Major contributions include quantifying the economic significance of the roadways to agriculture, identifying key issues facing U.S. agricultural freight movements by truck, analyzing current and future freight flows, and identifying infrastructure investment gaps.
The report’s novel approach analyzes select performance challenges on 17 high-volume domestic agriculture highway (HDAH) corridors, which account for more than 80 percent of annual agricultural tonnage by truck. The HDAH-corridor challenges examined include optimal commodity flows, safety, quality infrastructure, and roadway reliability.
The report estimates current State-planned highway freight investments will save truck operators $540 million per year and produce total benefits worth more than double the investment costs.

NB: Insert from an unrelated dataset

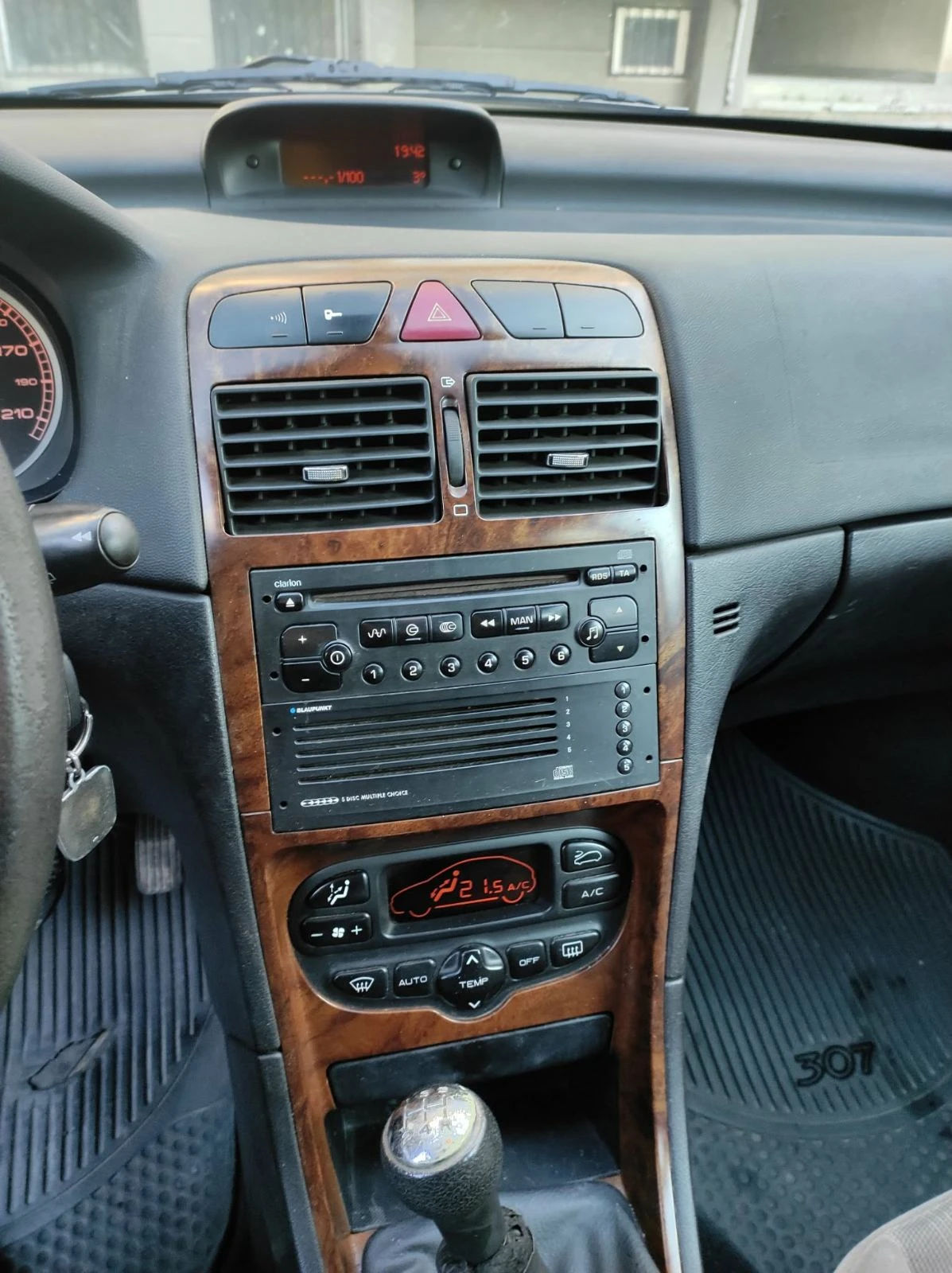 Peugeot 307 2000, снимка 7 - Автомобили и джипове - 55690544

The report was produced under a cooperative agreement administered by USDA’s Agricultural Marketing Service with the Department of Transportation’s Volpe National Transportation Systems Center.

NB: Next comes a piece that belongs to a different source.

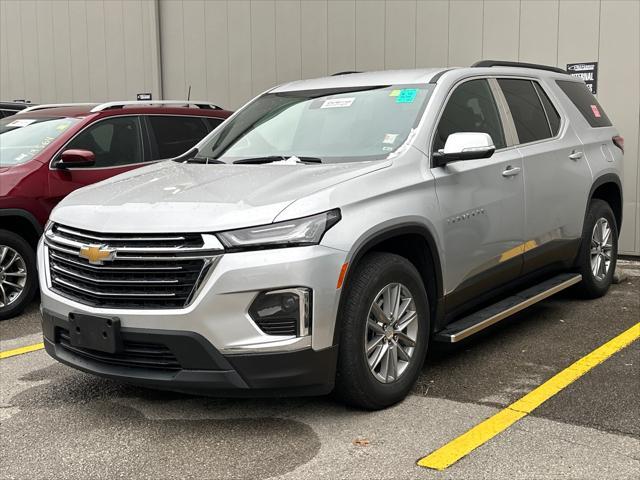2022 chevrolet traverse lt cloth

OOIDA Requests Adding “Feed” to FMCSA’s List of Qualifying Agricultural Commodities
On December 17, the Owner-Operator Independent Drivers Association filed comments asking the Federal Motor Carrier Safety Administration (FMCSA) to add “feed ingredients” to its list of qualifying agricultural commodities. Proposing the change for FMCSA’s interim final rule on the definition, OOIDA maintains feed ingredients are integral to agricultural and livestock supply chains.

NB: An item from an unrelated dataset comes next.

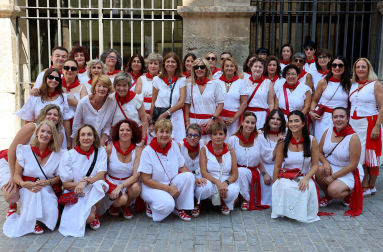 Fotos de la procesión y pañuelada de Estella
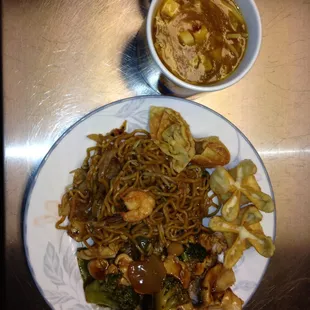Garlic Chicken, Steamed Rice, Combo Lo Mein, Fried Wontons, Crab Rangoon &amp; Hot &amp; Sour Soup.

Furthermore, given the unpredictable nature of the feed production process, drivers often experience lengthy delays at processing and distribution facilities. To maximize efficiency and clarity for drivers, OOIDA argues feed ingredients should be covered in the agricultural commodities definition.
Grain Inspections Rise After 2-Week Decline
For the week ending December 17, total inspections of grain (corn, wheat, and soybeans) for export from all major U.S. export regions totaled 3.8 million metric tons (mmt). Total grain inspections were up 3 percent from the previous week, up 75 percent from last year, and up 49 percent from the 3-year average.
Grain News on AgFax
Wheat inspections jumped 49 percent from the previous week as shipments destined primarily to Asia and Latin America increased. Also, from the previous week, soybean inspections increased 5 percent, but corn inspections decreased 17 percent as shipments to Latin America receded notably.
Pacific Northwest (PNW) grain inspections increased 1 percent from the previous week, but Mississippi Gulf inspections remained unchanged. During the last 4 weeks, grain inspections were 64 percent above the same time last year and 53 percent above the 3-year average.
Snapshots by Sector
For the week ending December 10, unshipped balances of wheat, corn, and soybeans totaled 57.4 million metric tons (mmt). This was 1 percent lower than last week, but still represented a significant increase in outstanding sales from the same time last year.
Net corn export sales were 1.925 mmt, up 41 percent from the past week. Net soybean export sales were 0.922 mmt, up 62 percent from the previous week. Net wheat export sales were 0.540 mmt, down 12 percent from the previous week.
U.S. Class I railroads originated 28,390 grain carloads during the week ending December 12. This was a 2-percent increase from the previous week, 37 percent more than last year, and 27 percent more than the 3-year average.
Average January shuttle secondary railcar bids/offers (per car) were $440 above tariff for the week ending December 17. This was $99 more than last week and $808 more than this week last year. There were no non-shuttle bids/offers this week.
For the week ending December 19, barge grain movements totaled 996,816 tons. This was 11 percent less than the previous week and 109 percent more than the same period last year.
For the week ending December 19, 617 grain barges moved down river—86 barges fewer than the previous week. There were 1,092 grain barges unloaded in New Orleans, 7 percent higher than the previous week.
For the week ending December 17, 43 oceangoing grain vessels were loaded in the Gulf—65 percent more than the same period last year. Within the next 10 days (starting December 18), 52 vessels were expected to be loaded—30 percent more than the same period last year.
As of December 17, the rate for shipping a metric ton (mt) of grain from the U.S. Gulf to Japan was $42.00. This was 1 percent higher than the previous week. The rate from PNW to Japan was $23.75 per mt, 2 percent higher than the previous week.
For the week ending December 21, the U.S. average diesel fuel price increased 6 cents from the previous week to $2.619 per gallon, 42.2 cents below the same week last year.